In [1]:
import getpass
import os

if not os.environ.get('GOOGLE_API_KEY'):
    os.environ["GOOGLE_API_KEY"] = getpass.getpass("Enter API key for Google Gemini: ")

In [2]:
from langchain.chat_models import init_chat_model
from langchain_google_genai import GoogleGenerativeAIEmbeddings

llm = init_chat_model("gemini-2.0-flash", model_provider="google_genai")
embeddings = GoogleGenerativeAIEmbeddings(model='models/embedding-001')

In [None]:
from langchain_postgres import PGVector

connection = os.environ['POSTGRES_URL']
collection_name = "my_docs"

vector_store = PGVector(
    embeddings=embeddings,
    collection_name=collection_name,
    connection=connection,
    use_jsonb=True,
)

In [4]:
import bs4
from tqdm import tqdm
import requests
from langchain import hub
from langchain_community.document_loaders import WebBaseLoader
from langchain_core.documents import Document
from langchain_text_splitters import RecursiveCharacterTextSplitter
from langgraph.graph import START, StateGraph
from typing_extensions import List, TypedDict

USER_AGENT environment variable not set, consider setting it to identify your requests.


In [5]:
url = "https://www.ams.usda.gov/selling-food/product-specs"
source = requests.get(url)
soup = bs4.BeautifulSoup(source.text, "html.parser")

In [6]:
vegetable_pdfs = [
    tag.get('href') for tag in soup.find_all("a")
    if tag.get('href', '').endswith('.pdf')
]
vegetable_pdfs

['/sites/default/files/media/qasp.pdf',
 '/sites/default/files/media/AnimalHandlingandWelfareApril2025.pdf',
 '/sites/default/files/media/FPPS_AHW_November2020.pdf',
 '/sites/default/files/media/BJENYKosherResource.pdf',
 '/sites/default/files/media/CommoditySpecificationforCannedFruitJune2023_0.pdf',
 '/sites/default/files/media/CommoditySpecificationforCannedFruitAugust2021.pdf',
 '/sites/default/files/media/Commodity_Specification_for_Canned_Fruit_May_2021.pdf',
 '/sites/default/files/media/Amendment_1_to_the_Commodity_Specification_for_Canned_Fruit_June_2021.pdf',
 '/sites/default/files/media/CommoditySpecificationforCannedFruitMarch2020.pdf',
 '/sites/default/files/media/CommoditySpecificationforCannedFruitMarch2019.pdf',
 '/sites/default/files/media/CommoditySpecificationforFrozenFruitFebruary2022.pdf',
 '/sites/default/files/media/CommoditySpecificationsforFrozenFruitApril2020.pdf',
 '/sites/default/files/media/FinalSection32SpecificationforMandarinOrangesandTangerines.pdf',
 '/

In [7]:
from langchain_community.document_loaders import PyPDFLoader

text_splitter = RecursiveCharacterTextSplitter(
    chunk_size=1000, 
    chunk_overlap=200
)

for subdomain in tqdm(vegetable_pdfs):
    pages = []
    url = f"https://www.ams.usda.gov/{subdomain}"
    loader = PyPDFLoader(url)
    async for page in loader.alazy_load():
        pages.append(page)
    
    splits = text_splitter.split_documents(pages)
    
    _ = vector_store.add_documents(documents = splits)
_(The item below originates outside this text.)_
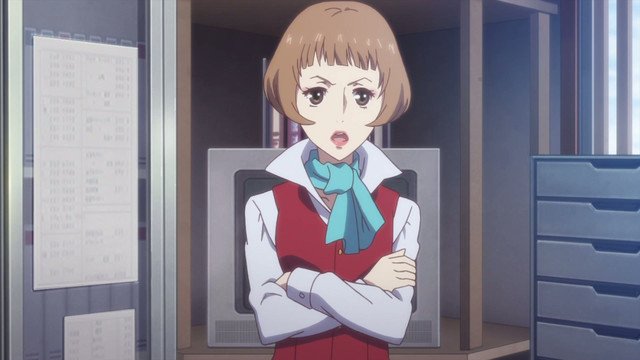 Ep. 10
100%|██████████| 158/158 [05:45<00:00,  2.19s/it]


In [8]:
prompt = hub.pull(
    "rlm/rag-prompt",
    api_url = "https://api.smith.langchain.com",
)

In [9]:
class State(TypedDict):
    question: str
    context: List[Document]
    answer: str

def retrieve(state: State):
    retrieved_docs = vector_store.similarity_search(state['question'])
    return {"context": retrieved_docs}

def generate(state: State):
    docs_content = "\n\n".join(doc.page_content for doc in state['context'])
    messages = prompt.invoke({
        'question': state['question'],
        'context': docs_content
    })
    response = llm.invoke(messages)
    return {'answer': response.content}

In [10]:
graph_builder = StateGraph(State).add_sequence([retrieve, generate])
graph_builder.add_edge(START, "retrieve")
graph = graph_builder.compile()

In [17]:
from IPython.display import display, Markdown

print("Enter your agricultural tech specification question:")
question = input("Question: ")
response = graph.invoke({"question": question})
display(Markdown(f"**Answer:**\n\n{response['answer']}"))
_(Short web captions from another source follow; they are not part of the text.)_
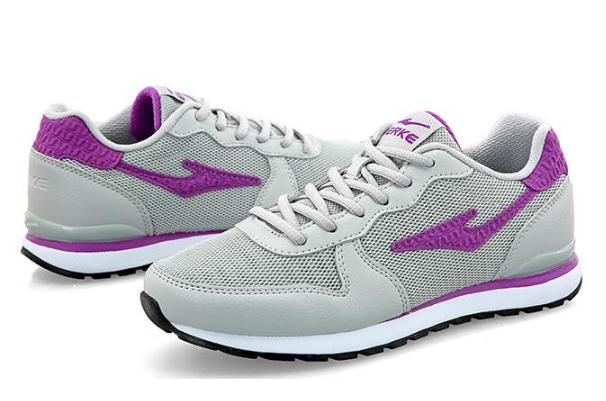 跑步鞋什么牌子最舒服 跑步鞋哪個品牌好 跑步鞋什么牌子最舒服 跑步鞋哪個品牌好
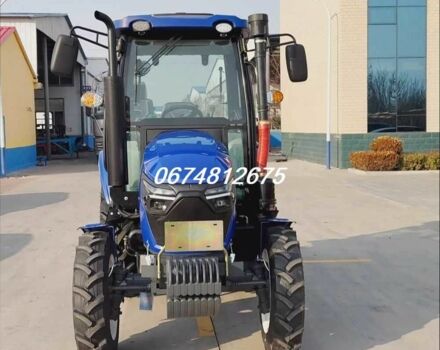 ГАЗ 3302, объемом двигателя 2.3 л и пробегом 0 тыс. км за 11000 $, фото 2 на Automoto.ua
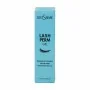 Wimpernzange Levissime Lash Perm (15 ml) | Epamu | Beauty Shop - Parfums, Make-up & Essentials Epamu.eu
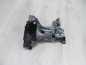 VOLVO C30 S40 V50 1.6 D 04-13 LAPA WSPORNIK SILNIKA 9659200880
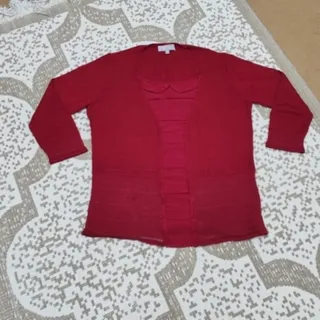 بلوز بافت ظریف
Enter your agricultural tech specification question:


**Answer:**

Shell egg packaging must use clean, new materials without objectionable odors. The packing materials must be tamper-evident and withstand humidity, temperature, handling, shipping, stacking, and storage. Final closure of fiberboard shipping containers requires a secure, tamper-evident seal using specified tapes applicable to refrigerated temperatures.